The Thurso isn't as good as it used to be. According to Jock Scott in Game Fish Records (1936), a total of 2,560 salmon were netted in one day from the Cruive pool in 1736. The first Viscount Thurso holds the river record, with 21 salmon in a day between midday and 7pm, when he had to go home for tea.
The golden days of the last century will probably never be repeated, such as the 1927 haul, when 2,245 salmon were captured. But the Thurso is still very good. A total of 1,075 salmon were landed in 2004. That's pretty spectacular for a small river where even duff casters can chuck a line to the opposite bank. And it produces salmon right from the start of the season on 11 January to the end, 5 October.

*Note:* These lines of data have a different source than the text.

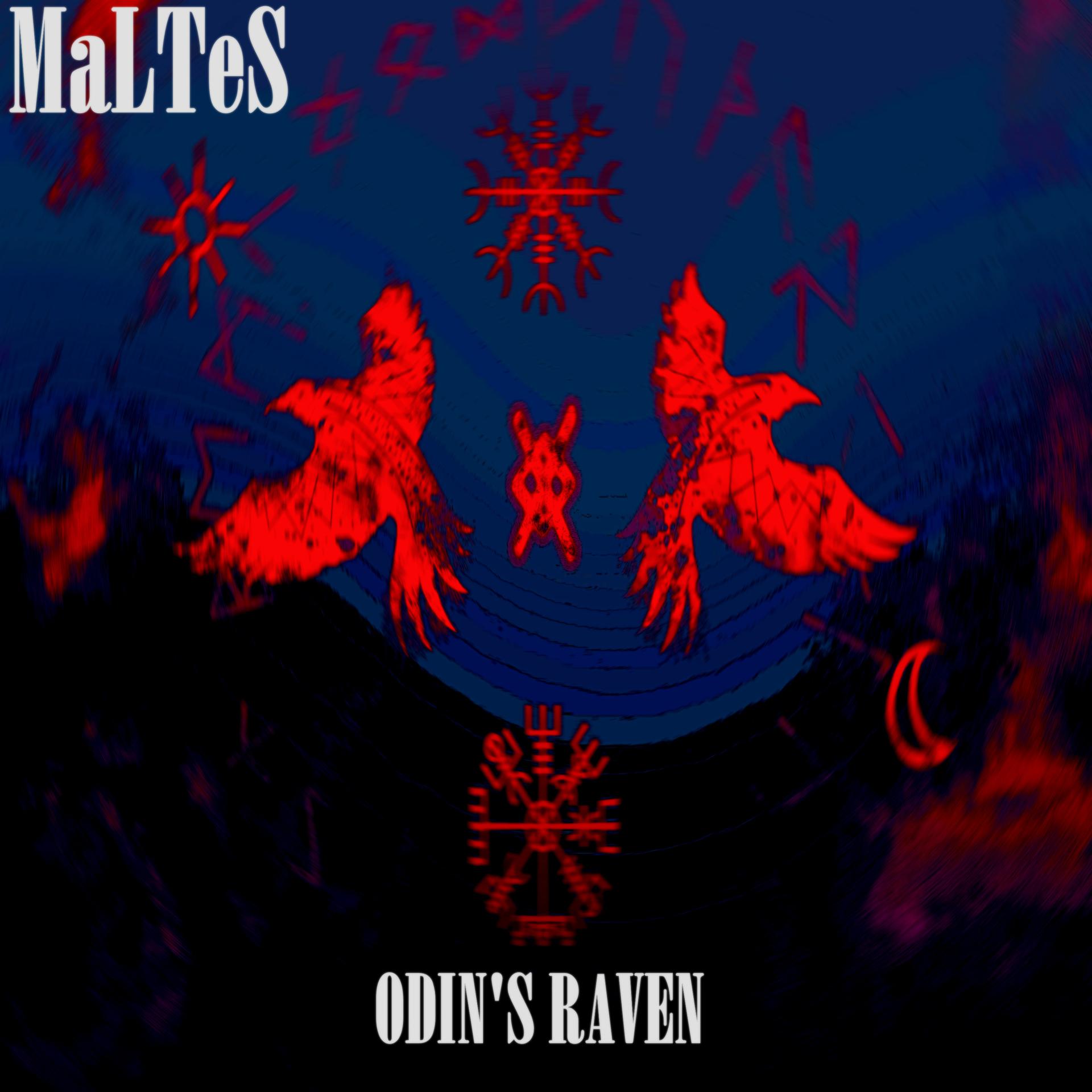 Постер альбома Odin's Raven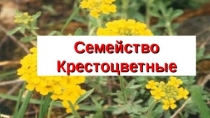 Лабораторная работа Признаки семейства Крестоцветные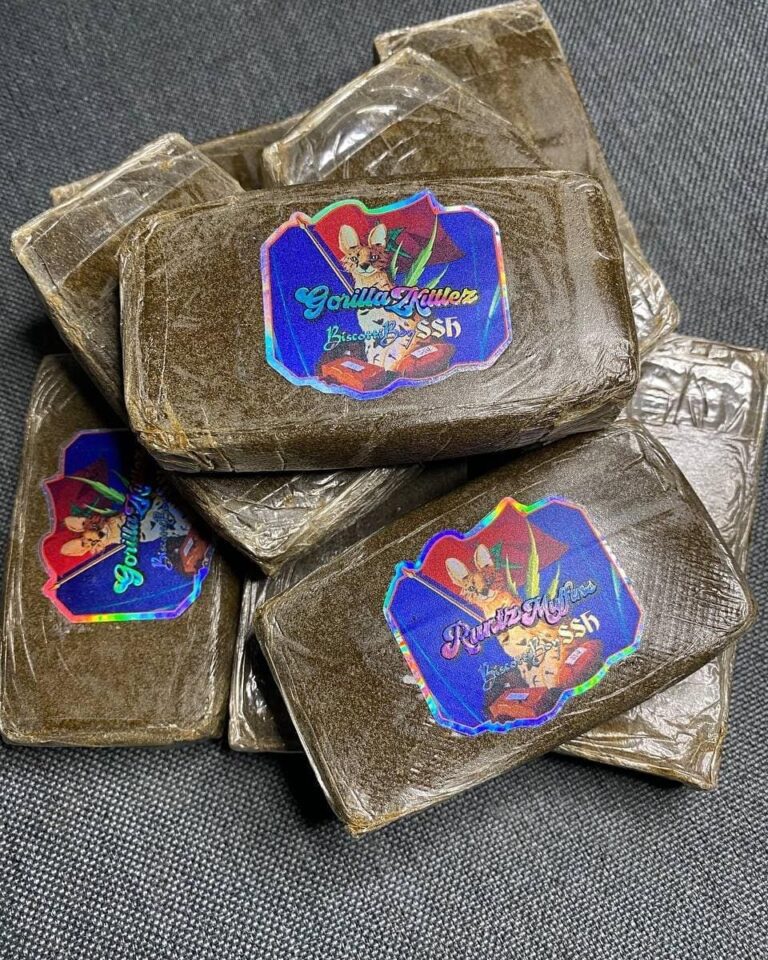 BiscottiBoys-SSh-2-768x960 (1) BiscottiBoys SSh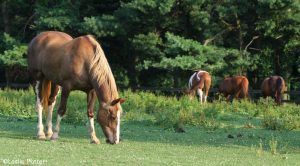 August 2018 SmartPak SmartTip of the Month: Manure Management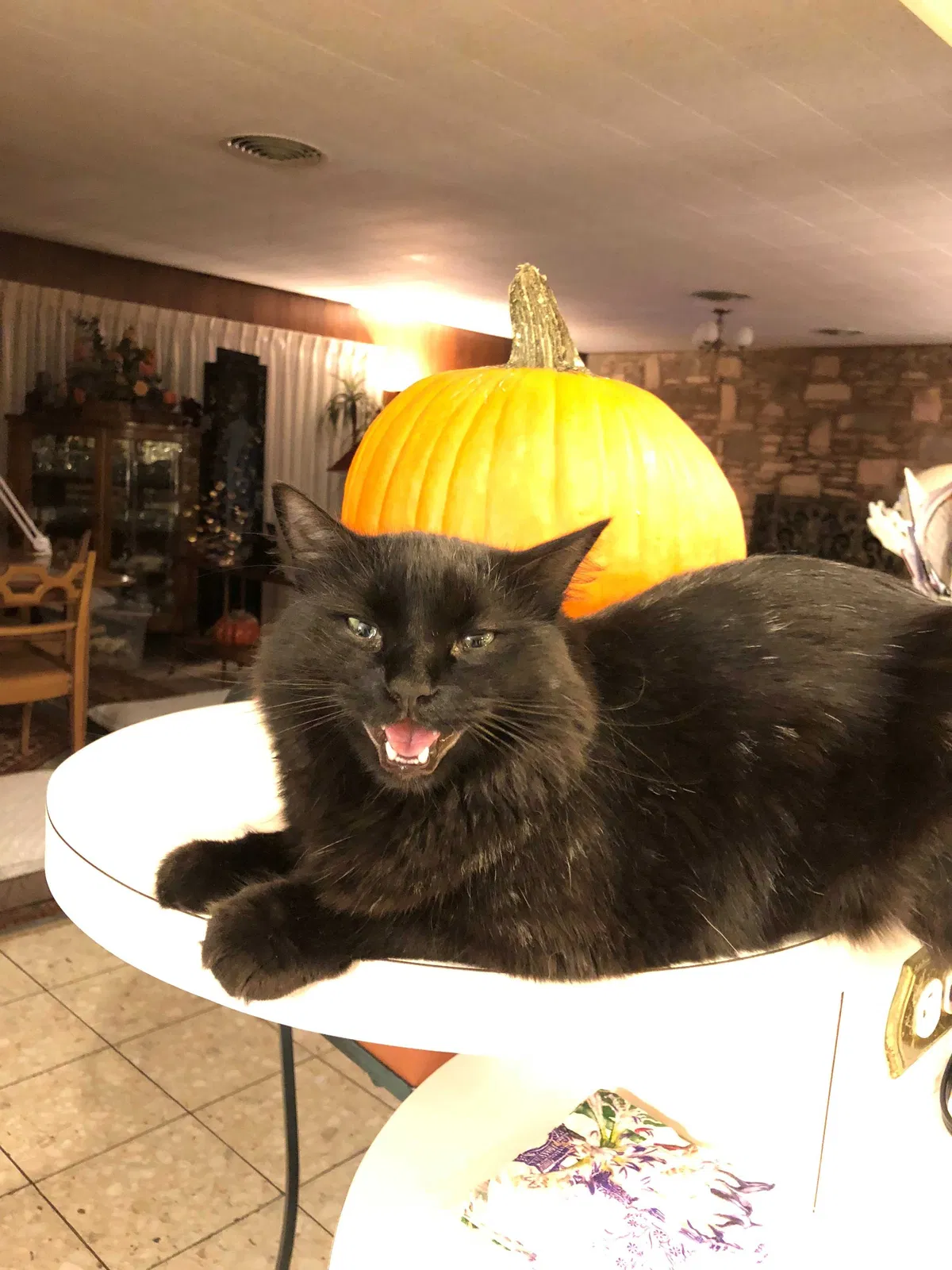 Lost cat in Austin, TX, 78704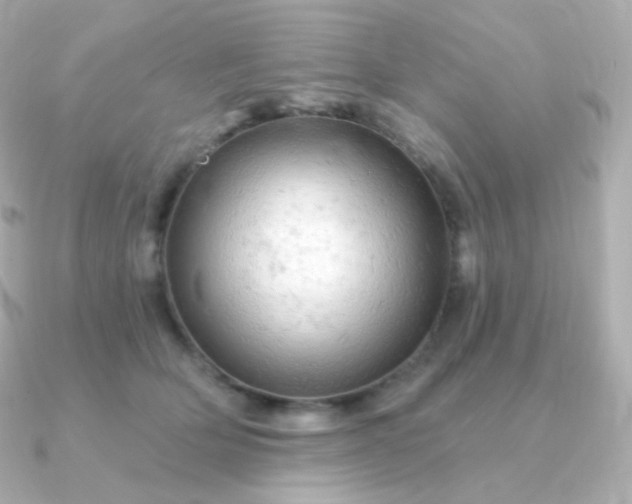 X0000090890514200708101405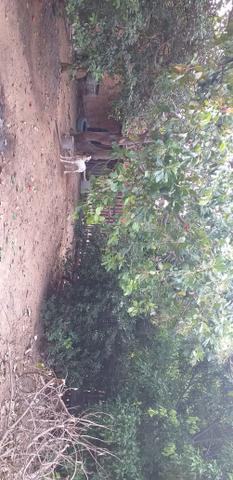 Casa - Foto 3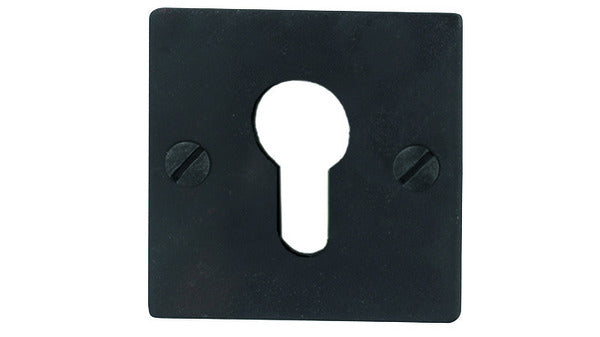 19.196 PZ Zylinderrosette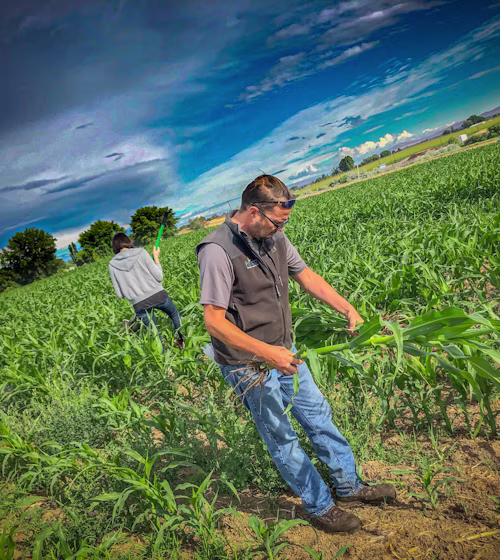 Managing nutrient compliance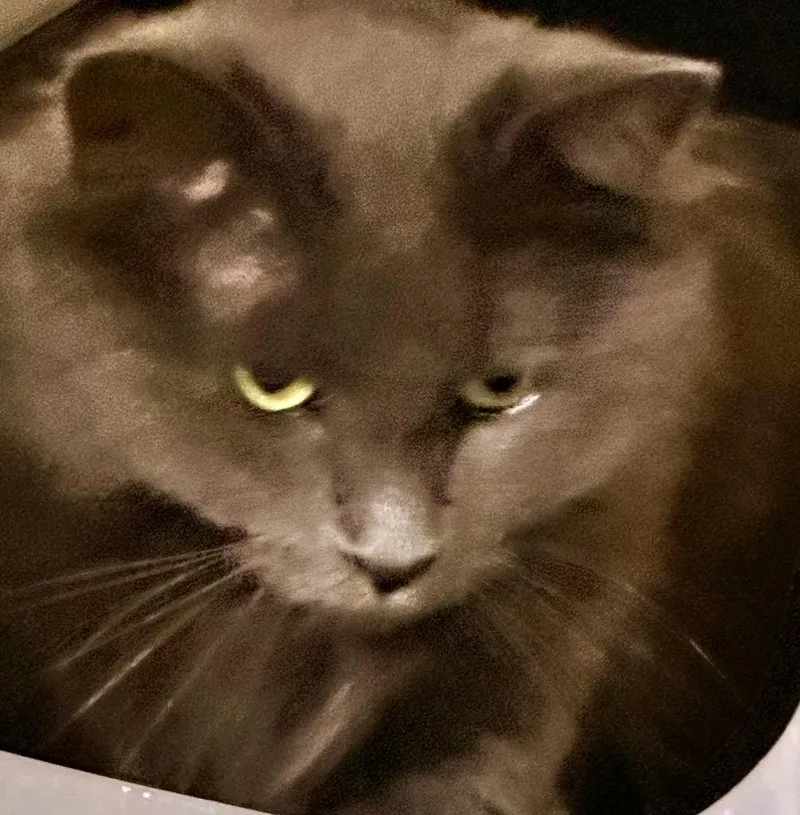 A young medium-sized male Domestic Short Hair cat named Porcini for adoption in Rice Lake, WI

What makes the river unique is that it is entirely in the hands of one owner, Lord Thurso. The Sinclairs of Ulbster have held it since 1704, courtesy of a royal charter ("Thanks for the help. Have a river"). Quite why Lord Thurso lets others on his private river, I don't know. Perhaps he's just a generous chap. Perhaps he just doesn't like salmon. Best not to question his altruism. Why, the lease even gives you netting rights, though these are suspended for the next five years. More fish for the anglers that way.
The rights come with the chance to build your own fishing lodge, though we're not talking a hut with a kettle here. Drawings in the prospectus show a suggested lodge that is grander than most people's homes. It has six bedrooms, a housekeeper's room and dining hall. Clearly Lord Thurso's idea of one step up from a gardening shed.
On the downside, the asking price is "offers in excess of £800,000", with the site for that fishing "lodge" costing another £50,000. Then again, you can share the 99-year lease with five friends. Now that's what I call a Christmas present.